NHK会長人事のお粗末

執筆者:2008年2月号

 年末から年始にかけ、久しぶりにテレビでも見ようと思ったが、くだらない芸能人がただじゃれているだけの、それもずっと前に制作した製造年月日をごまかしたおせち料理のようなものばかりだった。こういうときは、NHK、それもBS放送か何かをつけっぱなしにしておくに限る。こちらはNHKの受信料を払わない、と大見得を切るほど偉くないし、民放にくらべれば、ずっとましだと思っている。だからこそ、NHK会長人事のバカさ加減にはただただ呆れるしかない。 何でも経営委員会というところが会長を決めることになっているらしい。どんな人が経営委員なのか、と調べてみたら、十二人全員が見たことも聞いたこともない人たちだった。有名だからいい、無名だから悪いなどというつもりはないが、およそジャーナリズムだとか放送だとかに精通しているようには思えない面々で、何を根拠に人選が行なわれたのか不思議でならない。 経営委員会の委員長は古森重隆という富士フイルムホールディングスの社長だという。
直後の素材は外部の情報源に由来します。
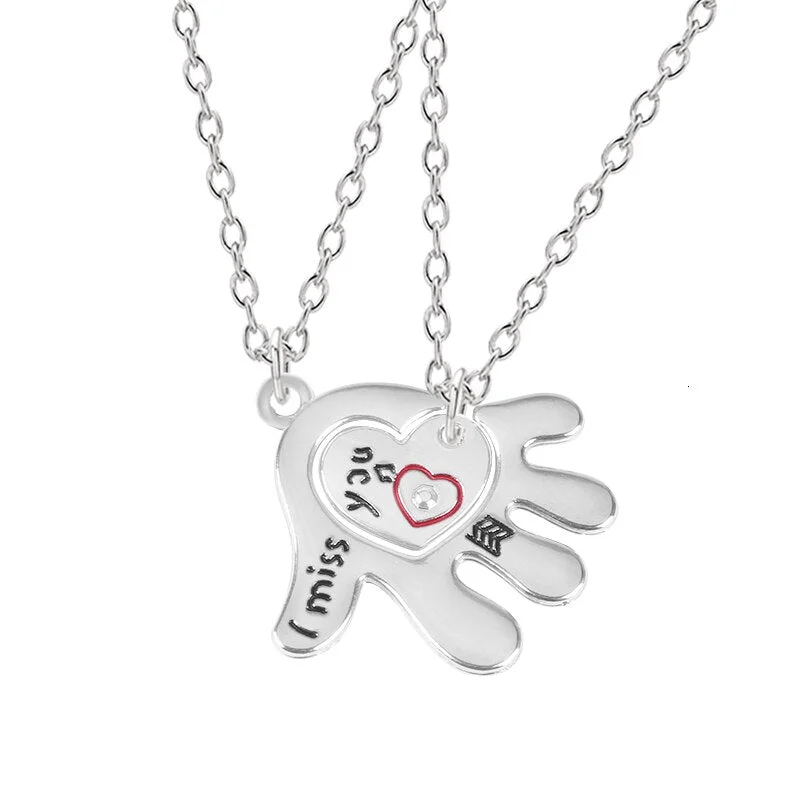 Buzzdaisy Good Friend Series Palm Heart-shaped Hollow Carved Red Character Pendant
なぜこの人が委員長かといえば、お友だちを集めて内閣を作ったあの安倍晋三首相(もちろん当時)のお友だちだからだ。その委員長が長崎の同郷のお友だちの福地茂雄アサヒビール相談役を会長に引っ張ってきた。これはと打診した人にずいぶん断られた挙句で気の毒ではあったが、友だちから友だちへつながっていく「笑っていいとも」のような話である。